![]() | This article is rated C-class on Wikipedia's
content assessment scale. It is of interest to the following WikiProjects: | |||||||||||||
|
Ok, the merge of several other articles into this one is done, sort of. There is some more information in the old Davies-Meyer article about an attack that I did not merge since I did not understand it. If I just cut and paste that paragraph it will make even less sense since it depends on the notification established further up in the old article and I have changed that notification in this article. So for now I left the old Davies-Meyer article as it is (not turned it into a redirect). I left a note about it and link to it in the Davies-Meyer section of this article. I hope some one can make sense to it and rewrite it properly and merge it some day. -- David Göthberg 06:05, 28 January 2006 (UTC)
My earlier statement (which I now have removed from this discussion) that the finding of a fixed point requires “exponential time” was not correct: fixed point can be easily found for a Davies-Meyer construction. The correct way is to say that fixed points do not enable the attacker to go below the birthday paradox bound (2n/2 time) when Merkle-Damgård (MD) strengthening (bitlength of the message is appended at its end) is used. However the fixed points enable a slightly more efficient second preimage attack than a Merkle-Damgård construction whose f-function does not provide easy calculation of fixed points. The Kelsey and Schneier attack applies to every Merkle-Damgård construction, not just the Davies-Meyer. For Davies-Meyer (using fixed points) to attack a 2k-message-block message the attack requires 3 x 2n/2+1+2n-k+1 time which does not go below the birthday paradox (2n/2) limit. If fixed points are not used i.e. the construction is other than Davies-Meyer (e.g Matyas-Meyer-Oseas, Miyaguchi-Preneel) then this attack can be done in k x 2n/2+1+2n-k+1 time. Note that when messages get shorter the complexity of the attack approaches 2n. Atwater ( talk) 16:24, 19 February 2009 (UTC)

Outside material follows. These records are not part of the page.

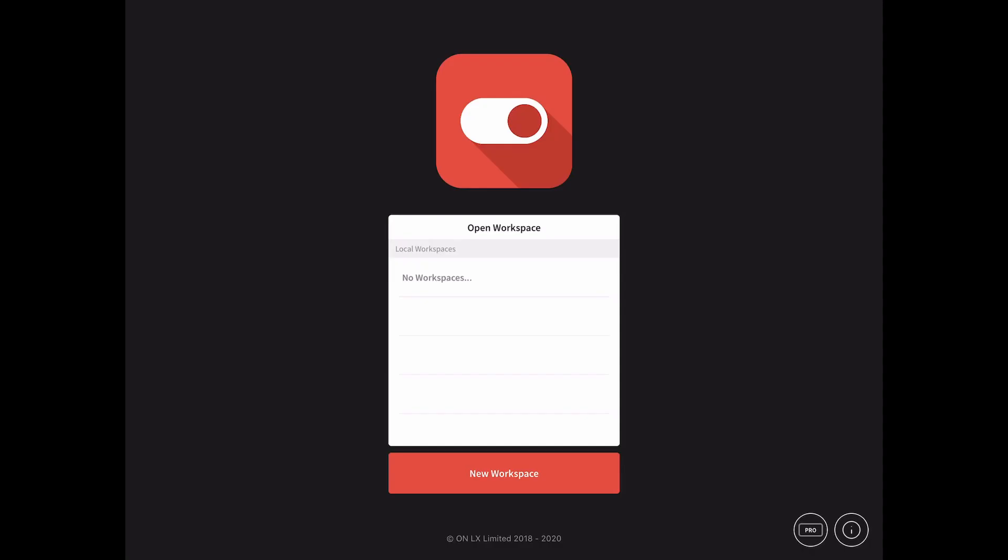Welcome to this Control for iPad tutorial. In this session, we'll be looking at the basics of setting up a workspace.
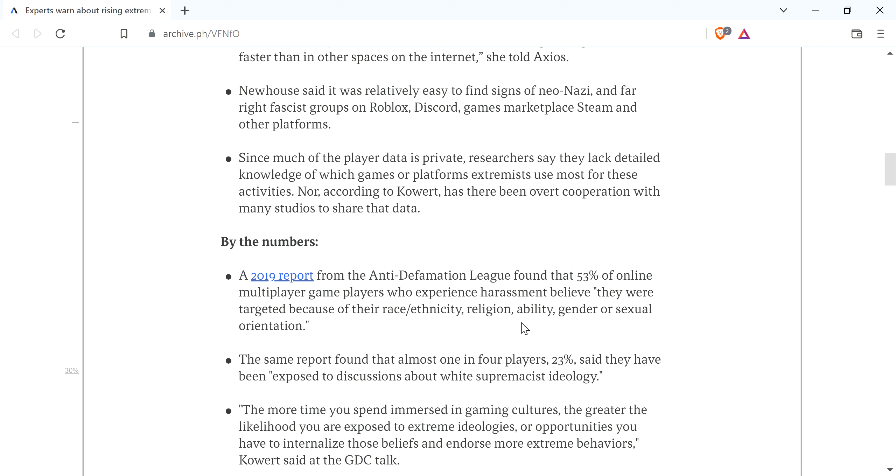Because if you want to target somebody because of their race or religion, gender, sexual orientation, whatever, okay, I can agree. That's wrong. You shouldn't do that. People should, you are who you are and all that stuff. But the ability, it's like, dude, you can't put that into the same category as race and sex and all that stuff.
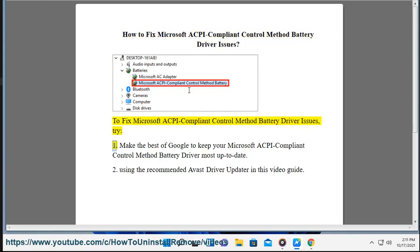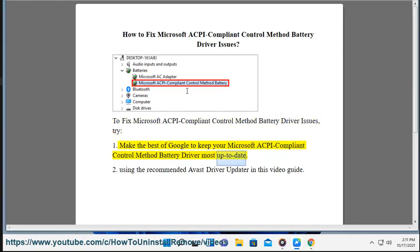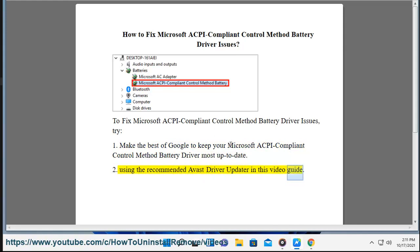Try 1: Make the best of Google to keep your Microsoft ACPI Compliant Control Method Battery Driver most up-to-date. 2: Using the recommended Avast Driver Updater in this video guide.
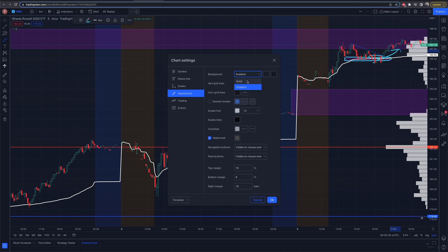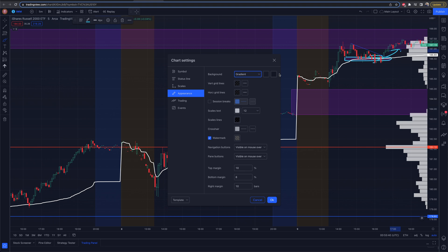I can have it set to gradient or a solid color. I currently like the gradient, and I can change that background shade and what I want to do. So there are some more selections here.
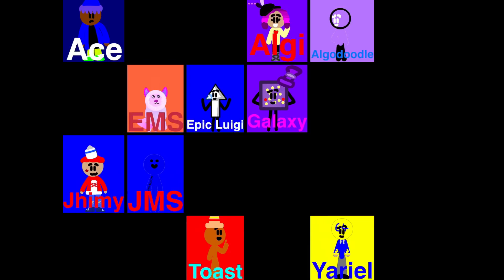Unfortunately, this means that Algie, Jimmy, EMS, AlkaDoodle, Galaxy, Toast, Yerial, JMS, Ace, and Epic Luigi are all up for elimination. Vote for who you want to be eliminated in the description. Whoever has the most votes after 24 hours will be eliminated.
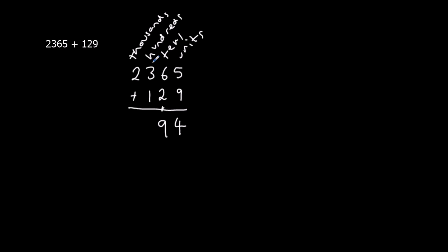In the hundreds, I've got 3 plus 1, which is 4, and the thousands have just got 2. So the answer to 2365 plus 129 is 2,494.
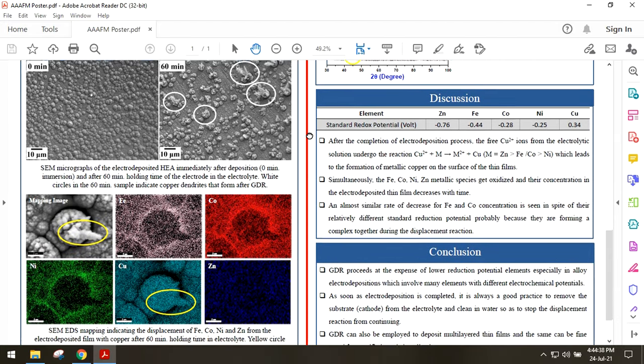SEM EDS mapping of one of these globules of the 60 minute sample shows that the copper concentration is seen to increase at the expense of other elements.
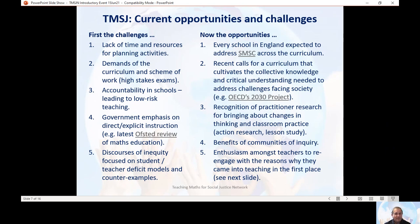The second opportunity is the recent calls from organisations like the OECD and UNESCO to look at school curricula again, bearing in mind the need to cultivate the type of collective knowledge and critical understanding that learners need to face and address some of the challenges we face as a society — things like environmental challenges, global warming, economic challenges, increasing levels of inequality, and other social challenges like the global pandemic we're currently facing. That's a call from very powerful organisations for us to think about how we can help students develop the mathematical knowledge they need to contribute towards that process.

I'm curious if one of these methods is preferred to another in general, or under certain circumstances. Are there certain applications where one method is more appropriate than another? 150.135.65.20 19:05, 30 January 2006 (UTC)
The Skein (hash function) designers specifically chose "Matyas-Meyer-Oseas" over "Davies-Meyer". Page 44 of "The Skein Hash Function Family" briefly gives a couple of reasons. Do any of those reasons apply to the "Miyaguchi-Preneel" arrangement? Could someone explain those reasons in this article? -- 68.0.124.33 ( talk) 15:02, 1 December 2008 (UTC)

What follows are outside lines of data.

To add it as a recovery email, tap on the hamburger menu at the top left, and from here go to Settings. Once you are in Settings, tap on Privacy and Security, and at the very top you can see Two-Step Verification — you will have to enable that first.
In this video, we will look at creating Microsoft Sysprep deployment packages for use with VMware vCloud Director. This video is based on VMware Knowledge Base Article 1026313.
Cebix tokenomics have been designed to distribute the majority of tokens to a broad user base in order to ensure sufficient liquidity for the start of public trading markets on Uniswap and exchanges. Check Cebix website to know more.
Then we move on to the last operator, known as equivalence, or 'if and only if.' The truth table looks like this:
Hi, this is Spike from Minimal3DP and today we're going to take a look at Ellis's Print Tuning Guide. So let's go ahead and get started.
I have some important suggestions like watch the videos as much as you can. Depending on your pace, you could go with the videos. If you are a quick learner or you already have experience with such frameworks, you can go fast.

I took the liberty to revert to the first image. (The colourful one made by me but which really is only a slight extension of Matt_Crypto's old version.) Note that the other pictures on this page on purpose is colourmatched with this image (yellow boxes) to make it clearer where they fit in the Merkle-Damgård structure. I have tested the different images on the chatters in #crypto on irc.freenode.net and they prefered the colourful version. -- David Göthberg 08:10, 6 March 2006 (UTC)
"The resulting hash size is big enough. 64-bit is too small, 128-bit might be enough."

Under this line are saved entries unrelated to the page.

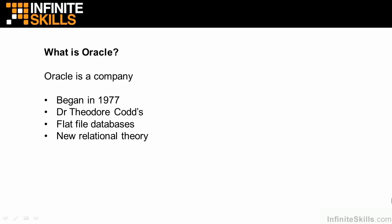Oracle the company began in 1977 under the name SDL, or Software Development Laboratories. The people that started Oracle were inspired by the work done by Dr. Theodore or Ted Codd.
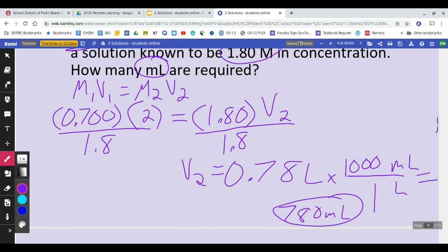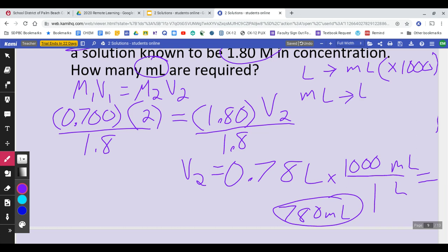If you have a problem where they give you milliliters and you need your answer in liters, you do the exact opposite and divide by 1000. To go from liters to milliliters: multiply by 1000. To go from milliliters to liters: divide by 1000. Make a note of that.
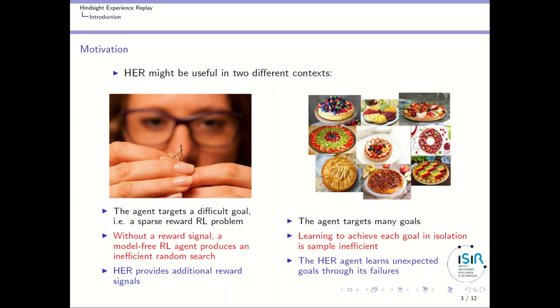In that particular context, Hindsight Experience Replay will provide additional reward signals. The other case where it can help is where the agent is targeting many goals at the same time — the multi-task or multi-goal context, which is a lot studied at the moment.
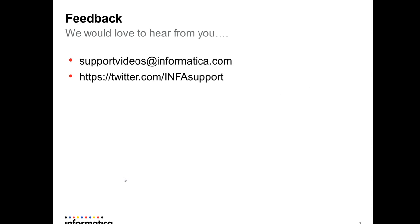Thank you for watching the video and we would love to hear from you. You can see more videos on support videos at informatica.com. Thank you.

What does this mean? What are the criteria? If your 128-bit key is secure, shouldn't it require 2^64 operations to find even a collision? Why isn't that big enough? Or is there something being left unsaid about how secure the block based ciphers are?
-- 72.18.229.146 00:21, 29 August 2006
I see a function E() in the equations, but I can't figure out from the context what this function is. Could someone fill it in more completely? User:mbset 13:50, 9 June 2007
I moved this article from Hash functions based on block ciphers to One-way compression function since that is what this article really is about. The Merkle-Damgård hash function article takes care of the rest of the description of how compression functions are used to build hashes. -- David Göthberg 04:52, 26 July 2007 (UTC)
What in the world does this statement mean? It makes the entire article rather confusing. Do we mean "If the block cipher is ideal"? I'm not even sure that statement holds w.r.t. all of these constructions. This needs to be fixed, removed, elaborated on. Any suggestions?
Might be useful to note that block ciphers with expensive key setup (e.g. Twofish) do not interact well with any of these constructions because the key setup must be done once for every message block. Aragorn2 ( talk) 11:31, 12 June 2019 (UTC)
![]() | This article is rated C-class on Wikipedia's
content assessment scale. It is of interest to the following WikiProjects: | |||||||||||||
|
Ok, the merge of several other articles into this one is done, sort of. There is some more information in the old Davies-Meyer article about an attack that I did not merge since I did not understand it. If I just cut and paste that paragraph it will make even less sense since it depends on the notification established further up in the old article and I have changed that notification in this article. So for now I left the old Davies-Meyer article as it is (not turned it into a redirect). I left a note about it and link to it in the Davies-Meyer section of this article. I hope some one can make sense to it and rewrite it properly and merge it some day. -- David Göthberg 06:05, 28 January 2006 (UTC)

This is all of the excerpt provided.